11.7. Case study: ATM transmission of multiplexed-MPEG streams. Introduction
Available ATM network throughputs, in the order of Gb/s, allow broadband applications to interconnect using ATM infrastructures. We will consider, as a case study to give some intuition about the main elements that will be found in a telecommunication system-on-a-chip, the architectural design of an ATM ASIC. The architecture is conceived to give service to applications in which we will need to multiplex and transport multimedia information to an end-node through an ATM network. Interactive multimedia and mobile multimedia are examples of applications that will use such a system.

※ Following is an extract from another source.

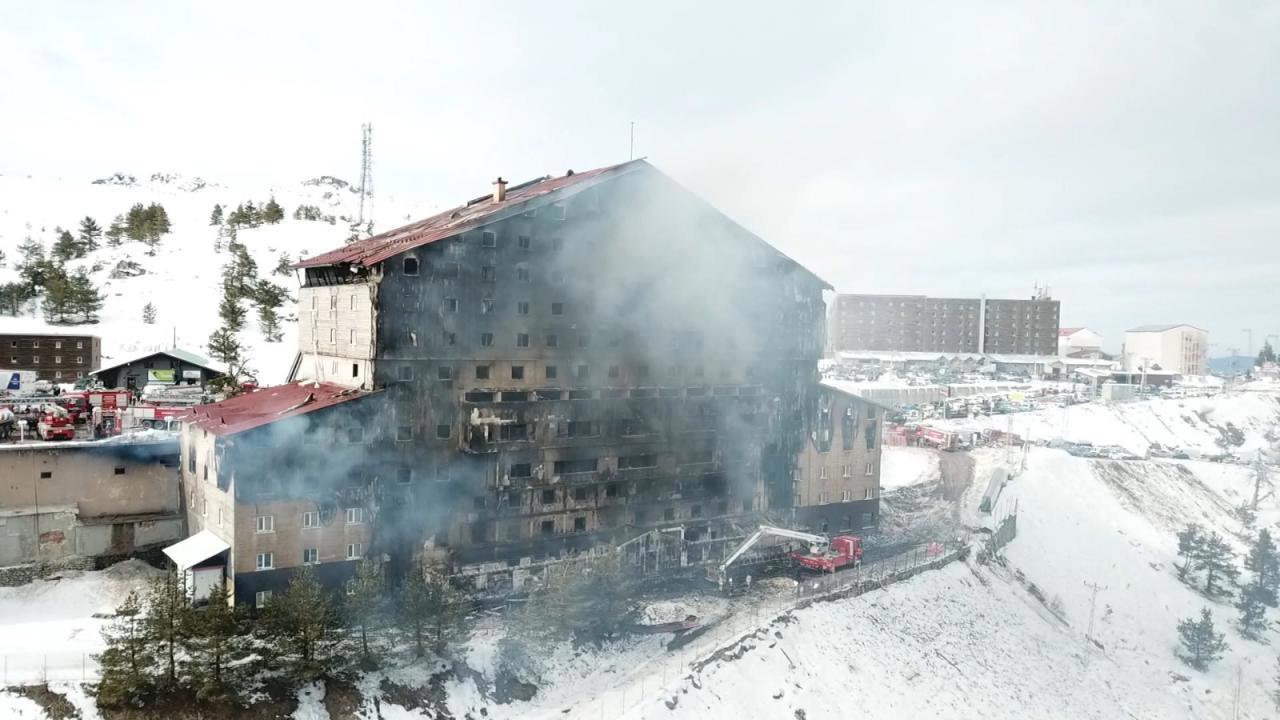 Turizm Bakanı Tunç: Otelden Yangın İle İlgili 4 Kişi Gözaltına Alındı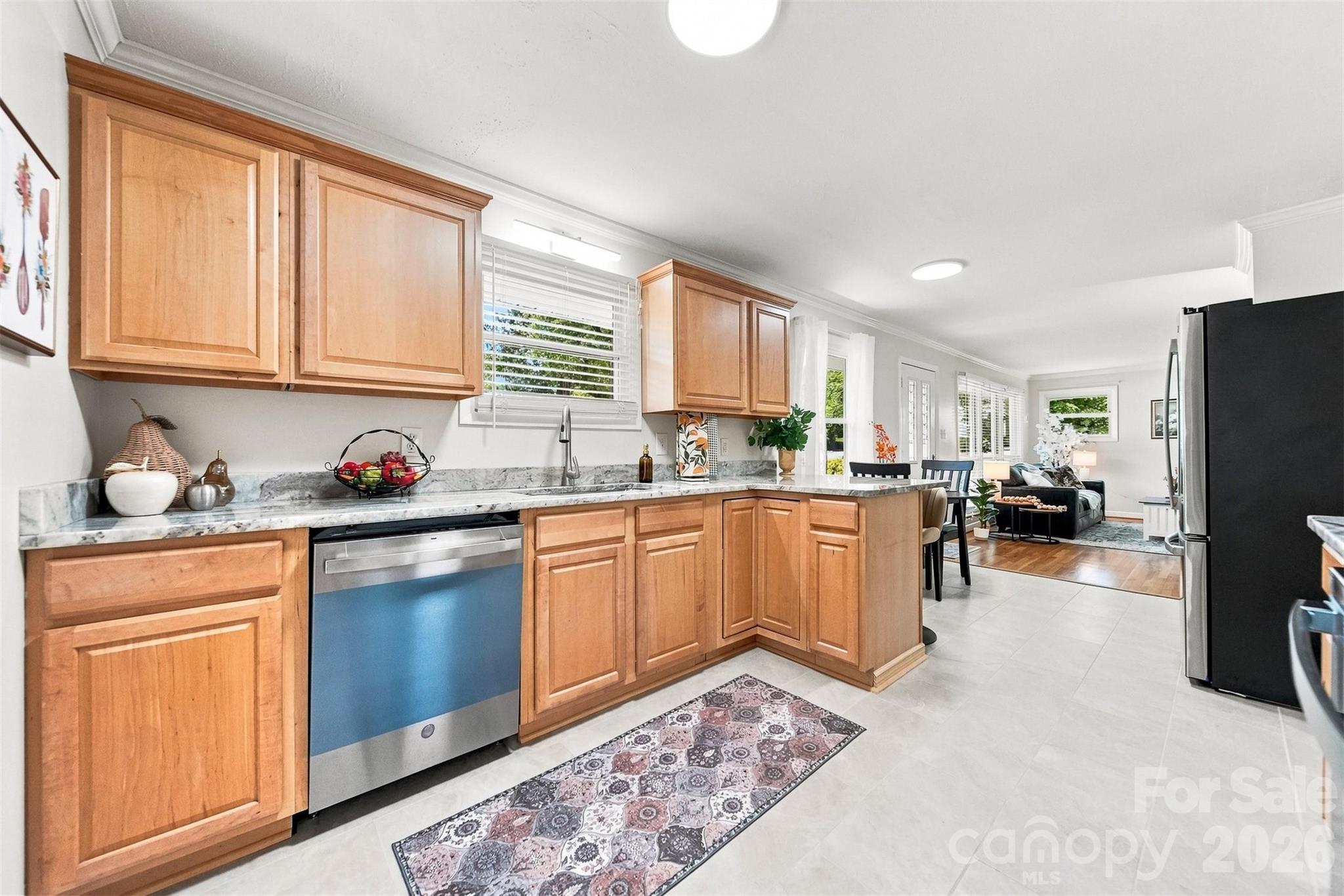 1518 11th Street NW — Hickory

Interactive multimedia (INM) relates to the network delivery of rich digital content, including audio and video, to client devices (e.g. desktop computer, TV and set-top box), typically as part of an application having user-controlled interactions. It includes interactive movies, where viewers can explore different subplots, interactive games, where players take different paths based on previous event outcomes, training-on-demand, in which training content tunes to each student existing knowledge, experience, and rate of information absorption, interactive marketing and shopping, digital libraries, video-on-demand and so on.
Mobile multimedia applies in general to every scenario in which a remote delivery of expertise to mobile agents will be needed. It includes applications in computer supported cooperative work (CSCW) where mobile workers with difficult problems receive advice to enhance the efficiency and quality of their tasks or emergency-response applications (ambulance services, police, fire brigades).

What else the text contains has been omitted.